# DP After Drinking? - Hello from the UK!



## MDP91

Hello all!

I am Mark, from the UK, aged 21.

This is a bit of a long post so bare with me!

It seems whenever I go out on a big drinking night out I sometimes get stuck with the horrific feeling of DP. I must stress that I am not a heavy drinker, I go out once every few months, if that. But when I do I normally drink to much, and get quite drunk when clubbing.

Its very odd and it freaks me out. It usually lasts for about a week and then it slowly just disappears and I'm back to normal. I first noticed DP many years before in my childhood one Christmas, I was overly tired and I remember feeling very spaced out and lost for a day or two, I remember being quite scared by the experience and my parents being a little worried as it upset me quite alot and I couldn't explain what it felt like.

I have since had it about 5 or 6 times, each last about a week after a messy night out. I know the simple answer is for me not to drink, however what I find most odd is it's a gamble. I have been out and drank a lot and not had any DP, just the usual hangover, where as other i've drunk less and been stuck like it for a week??

It really is horrible when I get it, I feel trapped inside my own head, with only my own voice talking to me trying to get out of it, trying to get back to normal. I also feel paranoid that everyone is thinking and talking in a negative way about me. I cant even make eye contact with people. I find it hard to concentrate on anything, driving, gaming, simple chat with friends etc. Its horrible, I turn into the complete opposite of how I am normally, I usually a very focused, social person. All I want to do when I get stuck like it is sleep, or just sit around and do nothing whilst a constant battle goes on inside my head. I can't even be bothered to talk to my mates or girlfriend.I find I am forgetful and seem to over think things in my head, to the point where I am scared to open my mouth, I constantly worry I'm going to do something wrong. 
I am lucky however that in all cases I managed to return to 'normal'.I'm finding this odd to write because I can't fully describe how it feels when I'm 'normal' but I don't have the confidence to post when I've had symptoms before.

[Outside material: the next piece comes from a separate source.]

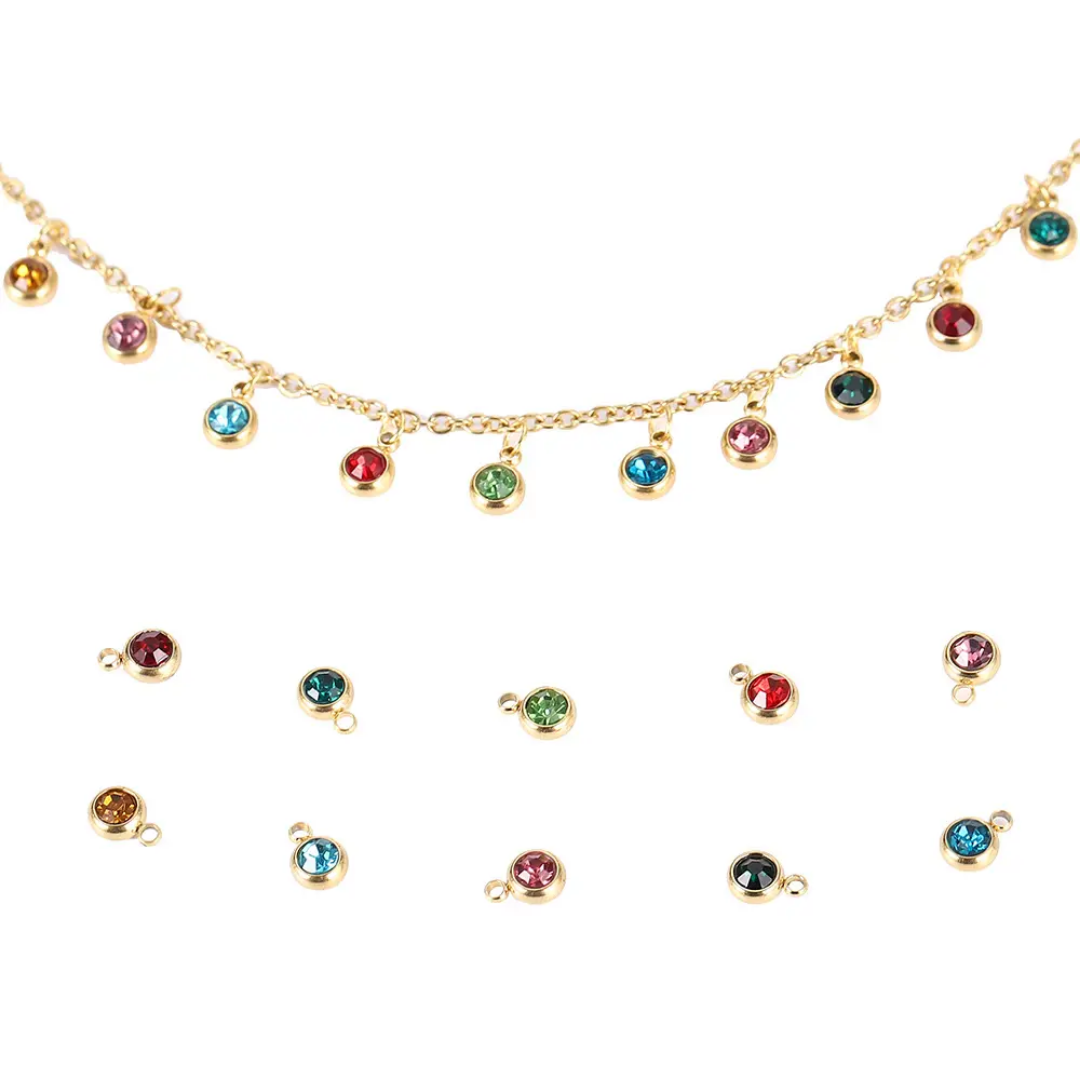 Premium Multi colour round dainty necklace best seller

I only ever found out about DP because of this forum and having only realised what my problem was on my episode before last of DP, it really was a massive relief to know that I'm not a nut job and I'm not alone, and I am lucky that I don't get stuck for long.

Thank for reading, and any help on how I can prevent this from occurring would be great.

Mark


----------



## Hot Dog Water

Deleted. Sorry, I was in a bad mood.


----------



## Timer

TheFallOfIdeals said:


> WOW. 5 or 6 episodes lasting short periods of time!!! You're a trooper. Take a look around on these forums and you'll find people who can't even function because of severe CONSTANT DP/DR. You don't even have it that bad. Suck a dick and move on with your life.

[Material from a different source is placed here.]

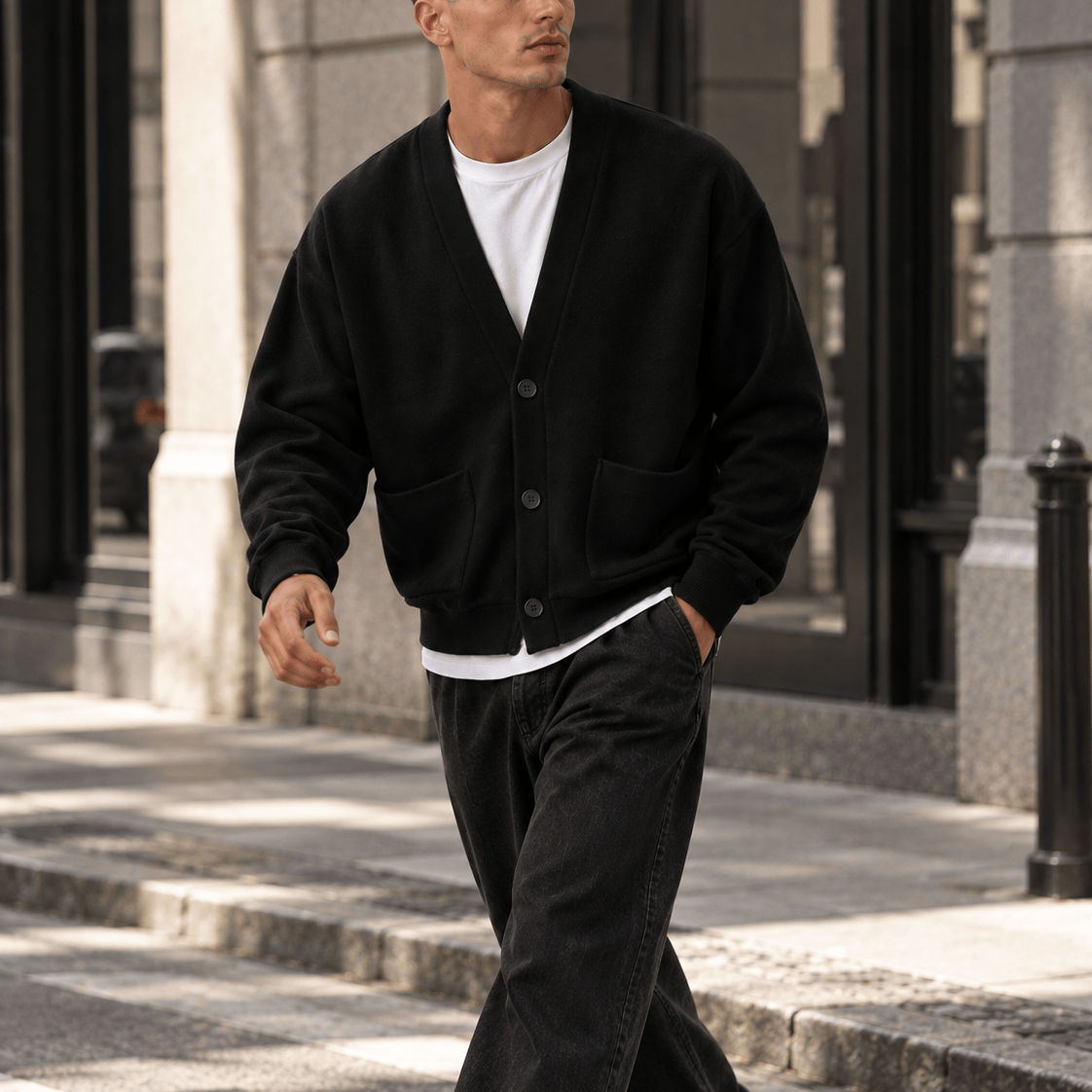 Cardigan Milano black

Damn..hes only asking for a bit of advice, perhaps you could offer him some so he doesn't develop dpd and isn't in that bracket of people who can't function fully?

OP - My DP developed much similar to yours. I drank a lot more frequently its worth mentioning along with drugs from time to time and a high pressure situation unfolding. However it was after a night of ONLY drinking when I had the actual constant DP state from.

Leading up to this, similar to yourself, for 2 - 3 days after going out on a friday night I was completely DP'ed, couldn't do much and it amazed me how people would get up the next day and go out somewhere in the day when I could barely move. I thought I just got extreme hangovers however its quite evident now this was DP on its way...

I would not be able to focus at work, speak to people, think straight even if I only had 1 or 2 drinks the night before. So I would refrain from drinking at all in the week and then go for it on the weekends.

How to stop it? Well I can only advise you to cut out drinking, or drink less while out as I know completely stopping drinking might not be such a sutible option. However you dont want it to just not leave after one of your heavy nights out..I'm proof that is a possiblity. I would take it easy and cut down on the actual amounts you drink while out.


----------



## InfiniteDivine

TheFallOfIdeals said:


> WOW. 5 or 6 episodes lasting short periods of time!!! You're a trooper. Take a look around on these forums and you'll find people who can't even function because of severe CONSTANT DP/DR. You don't even have it that bad. Suck a dick and move on with your life.


Really? Come on man this isn't necessary. DPed once or DPed for life, this forum is for support. Take unhelpful feedback somewhere else.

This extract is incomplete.